African Fertilizer Financing Mechanism (AFFM)
Continental
US$35 million
(target)
*US$ 8 million
Stage 3 : Programme/Project Structuring and Promotion
Following the Abuja Declaration(2006),NEPAD has worked closely with the
AUC and the
AfDB to establish the AFFM as a Special Fund to support production,
distribution,
procurement, and use of fertilizer in Africa. Funds will be allocated to
projects through country
roundtable processes.
AfDB
that was from p.47 (AU/NEPAD AFRICAN ACTION PLAN 2010‐2015) (sorry - it
didn't translate well).
Then we have:
AU/NEPAD Task Force on Rising Food Prices
It makes no sense to me. There is supposed to be more food but the
prices are going up. This is the same investment structure utilized by
the World Bank and Monsanto in the northern areas (the Rift Valley) -
buy seed (patented GMO), fertilizer, machines, don't forget the
ga-a-aszs, or the pesticides. The bank is here to lend you into servitude.
There appears to be no organic culture representation, no system to
re-institute cultures that have been displaced by so much death and
destruction. There also appears to be a "mopping-up" in progress after
all the years of dare I say "prodded" antagonisms and transgressions of
and toward humanity.
And the drum beats on.
Darryl
On 03/09/2012 6:36 PM, michael gurstein wrote:
I'm right now in a guest house in Ouagadougou, the capital of Burkina Faso,
the third poorest country in the world as measured by the World Bank among
others... On the edge of the Sahel and bordered by some of the
currently/recently unsettled countries of the region--Mali, Ivory Coast,
Niger... I'm doing some background work for a significant Community
Informatics project that the e-Africa division of NEPAD/the African Union
wishes to undertake throughout sub-Saharan Africa.

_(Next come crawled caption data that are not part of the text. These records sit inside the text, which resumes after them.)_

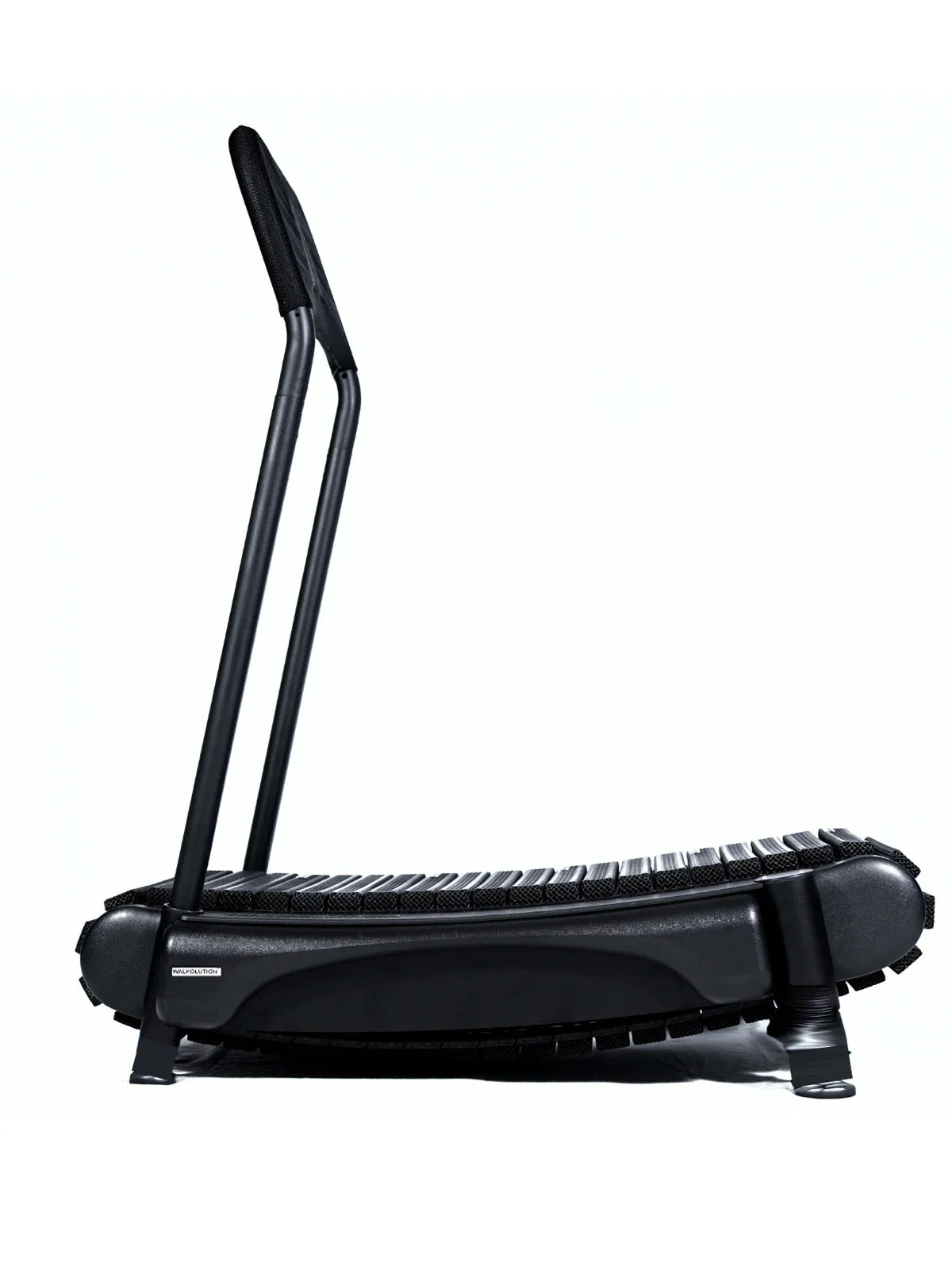 A side view of a curved, non-motorized black treadmill with sturdy handlebars, designed for running or walking, on a white background. Walkolution Global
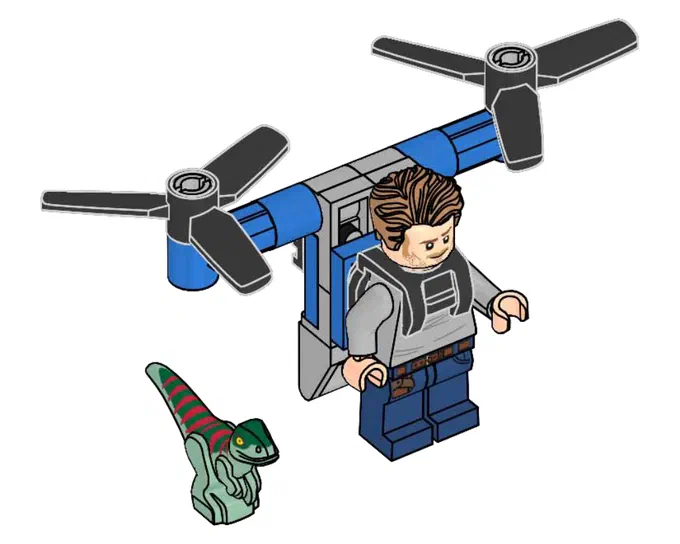 Minifigurine Owen avec un jetpack bleu et une petite dinosaure verte à côté.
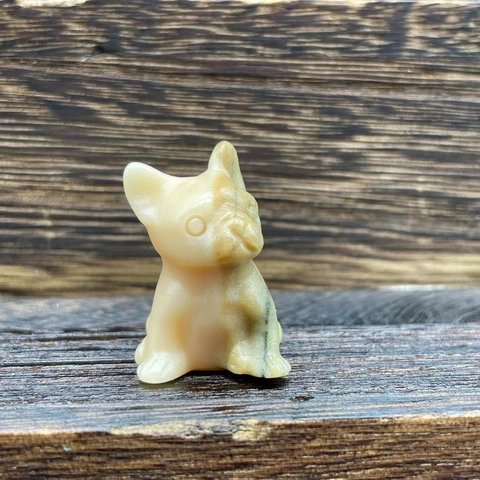 French Bulldog Figurine Natural Crystal Gemstone Carved Dog Statue Desk Ornament Home Decor Gift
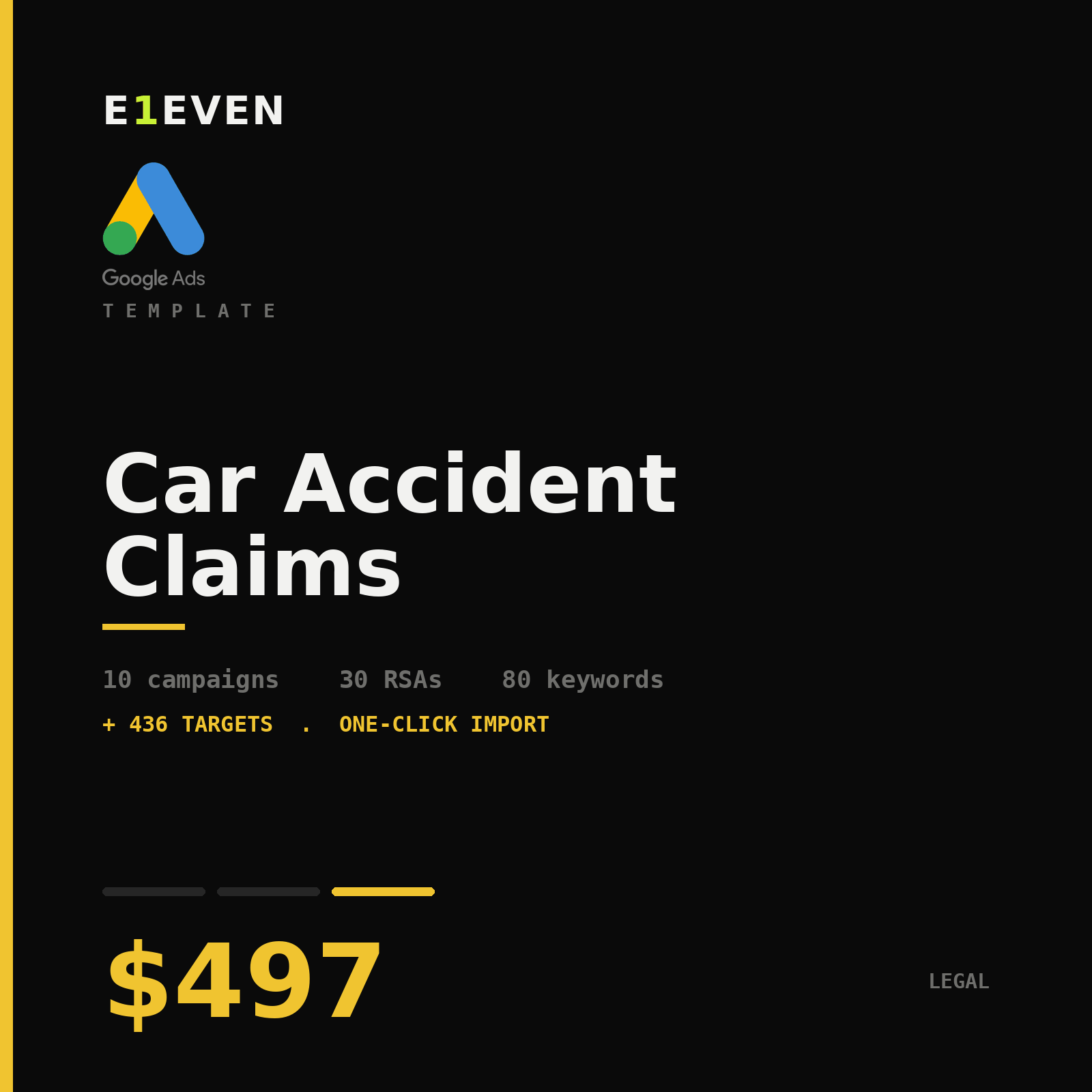 Car Accident Claims Google Ads Template - $497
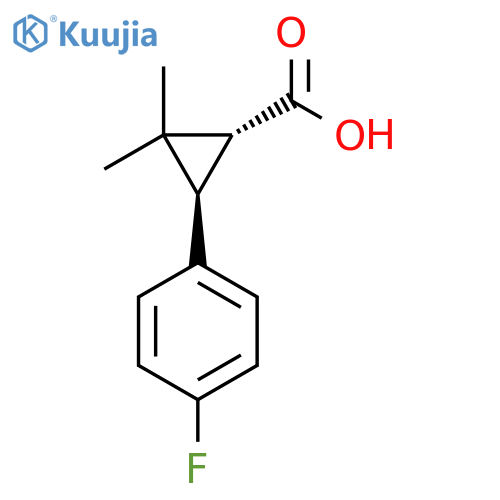 rac-(1R,3R)-3-(4-fluorophenyl)-2,2-dimethylcyclopropane-1-carboxylic acid structure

This afternoon between appointments I went for a walk in the centre of the
city towards the Grand Mosque, a very Moorish structure in desert coloured
sandstone. It was around 4 pm and as I was walking I came across rows of
men undertaking one of their daily prayers only this time in public led by
what looked like a lay preacher. As I walked further I kept coming across
these street corner prayer sessions--perhaps 3 or 4 within a three block
radius and not more than two blocks from the main Mosque in Ouga.

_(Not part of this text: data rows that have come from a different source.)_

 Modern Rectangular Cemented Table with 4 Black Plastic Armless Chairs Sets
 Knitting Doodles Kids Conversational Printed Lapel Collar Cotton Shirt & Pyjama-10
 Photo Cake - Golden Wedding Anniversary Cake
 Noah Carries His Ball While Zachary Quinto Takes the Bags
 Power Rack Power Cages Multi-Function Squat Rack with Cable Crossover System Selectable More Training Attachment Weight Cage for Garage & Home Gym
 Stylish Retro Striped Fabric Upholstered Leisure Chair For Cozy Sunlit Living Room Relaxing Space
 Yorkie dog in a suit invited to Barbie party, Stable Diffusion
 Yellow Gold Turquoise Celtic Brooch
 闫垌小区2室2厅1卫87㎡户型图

This evening I'm back at the guest house doing things on the reasonably good
Internet connection.
It is getting late--now it is about 1.30 am local time.

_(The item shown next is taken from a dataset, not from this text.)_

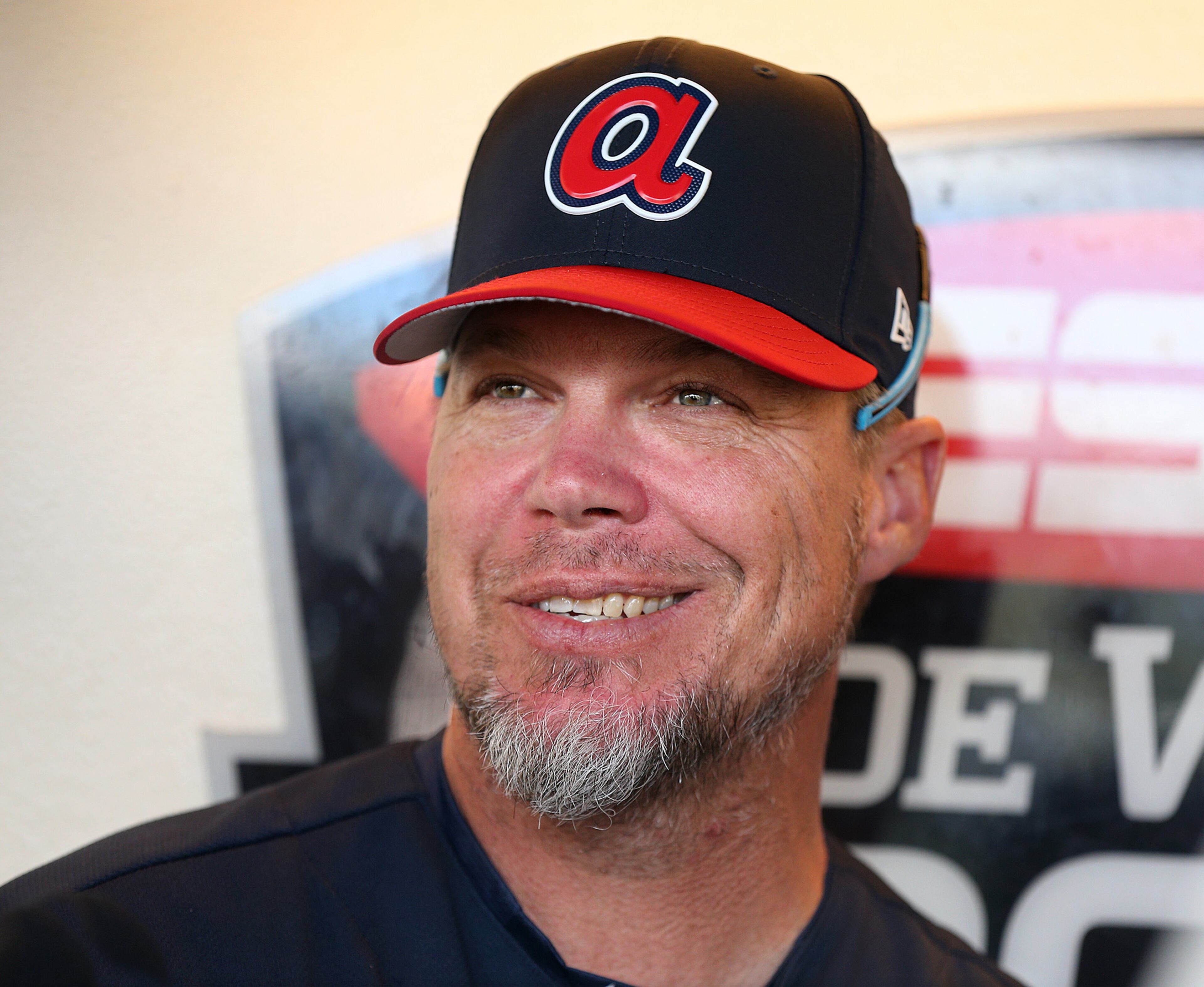 Feb 19, 2018 Lake Buena Vista: Braves recently elected Hall of Fame third baseman Chipper Jones appears to enjoy his day at spring training during the first full squad workout on Monday, Feb 19, 2018, at the ESPN Wide World of Sports Complex in Lake Buena Vista. Jones was helping coach the team for the day. Curtis Compton/ccompton@ajc.com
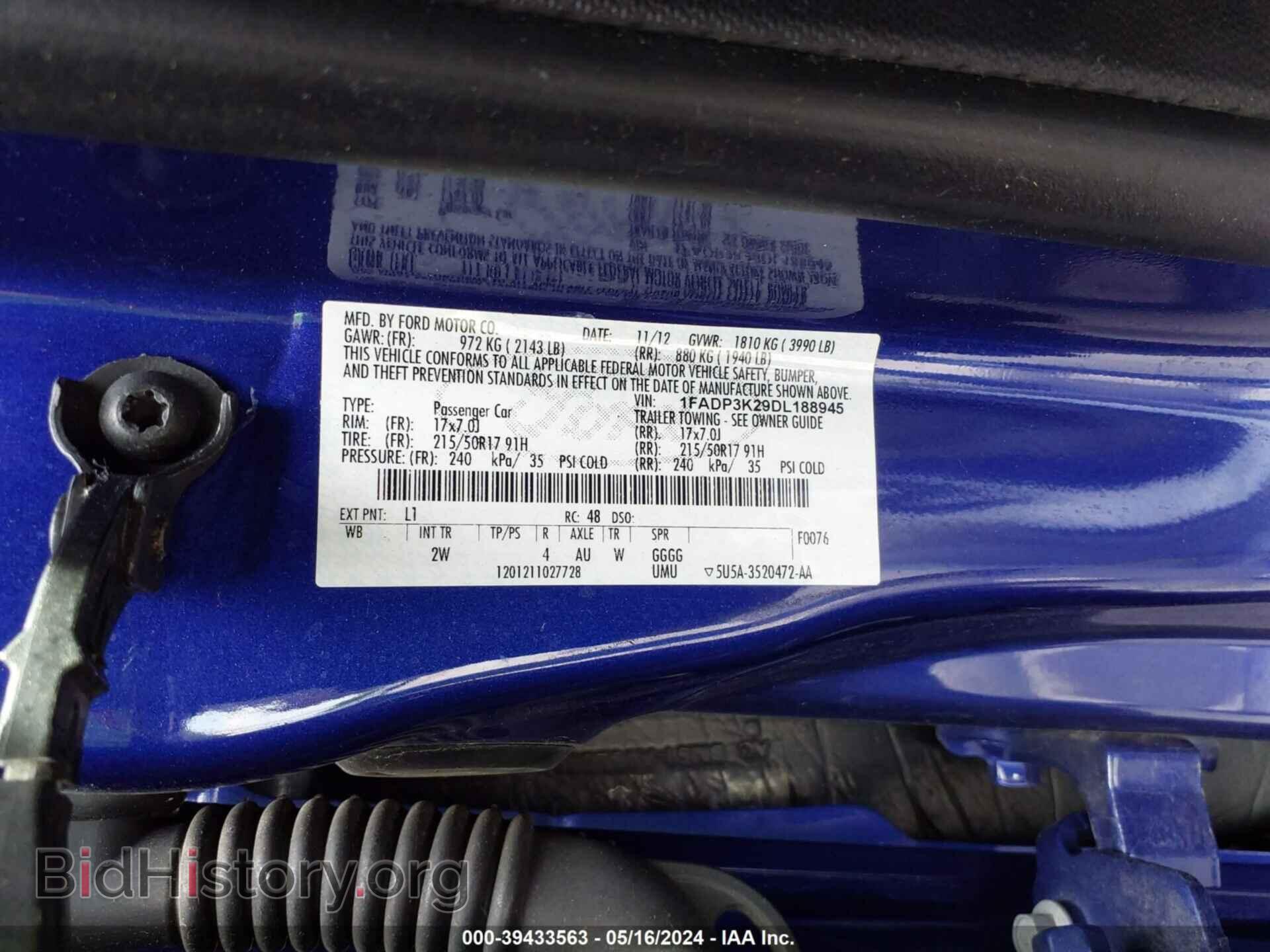 2013 FORD FOCUS - VIN: 1FADP3K29DL188945 - Фото 9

I've just e-published the most recent issue of the online Journal of
Community Informatics.
http://ci-journal.net/index.php/ciej/editor/issueToc/30
Glocality: Thinking about Community Informatics and the Local in the Global
and the Global in the Local.
For the last half hour or so I've been hearing the sounds of jet planes
flying low overhead--back and forth, back and forth. At first I thought they
might be commercial planes coming in to land--but this is Burkina Faso where
there are probably no more than a dozen flights in and out a day and I would
guess none of them are scheduled for 1 am.